*Aim of the exercise*
This calls for a verbatim copy of all the data, with no images carried over.

Collected data entries:
= Beginning of Section =

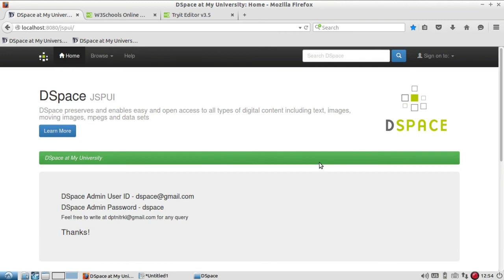I hope I have been able to make you understand how to make an item private and public, how to delete an item from the repository, and we are going to see many more videos about other features of DSpace. Thanks for watching — please stay with Librarian Guide to get updated about more videos. Thank you very much.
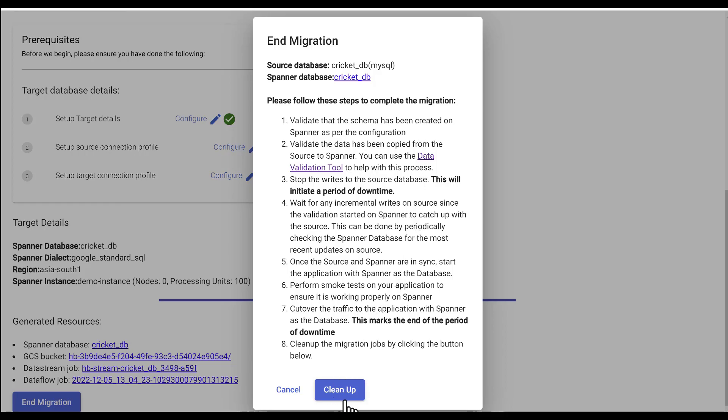Finally, click the Cleanup button in the Harbor Bridge tool to remove the migration jobs that were created.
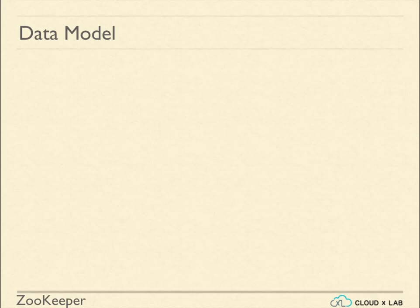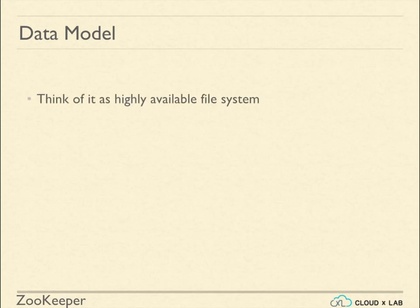The way you store data in any store is called data model. In case of Zookeeper, think of data model as if it's a highly available file system with minor differences.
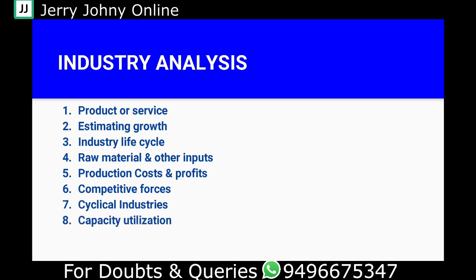The next factor is capacity utilization. This refers to how much of a plant's capacity is actually being used. For example, if a plant's maximum output capacity is 100 tons but it is only producing 60 or 70 tons, it is underutilizing its capacity. When demand is high, firms are forced to push toward maximum capacity utilization. We assess the industry's capacity utilization levels as part of our analysis.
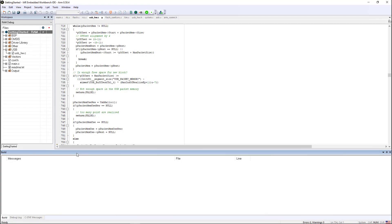Hello. In this short video, I'm going to quickly demonstrate some of the code analysis features that are available in the embedded workbench.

= End of Section =

*Response for this exercise*
I hope I have been able to make you understand how to make an item private and public, how to delete an item from the repository, and we are going to see many more videos about other features of DSpace. Thanks for watching — please stay with Librarian Guide to get updated about more videos. Thank you very much.
Finally, click the Cleanup button in the Harbor Bridge tool to remove the migration jobs that were created.
The way you store data in any store is called data model. In case of Zookeeper, think of data model as if it's a highly available file system with minor differences.
The next factor is capacity utilization. This refers to how much of a plant's capacity is actually being used. For example, if a plant's maximum output capacity is 100 tons but it is only producing 60 or 70 tons, it is underutilizing its capacity. When demand is high, firms are forced to push toward maximum capacity utilization. We assess the industry's capacity utilization levels as part of our analysis.
Hello. In this short video, I'm going to quickly demonstrate some of the code analysis features that are available in the embedded workbench.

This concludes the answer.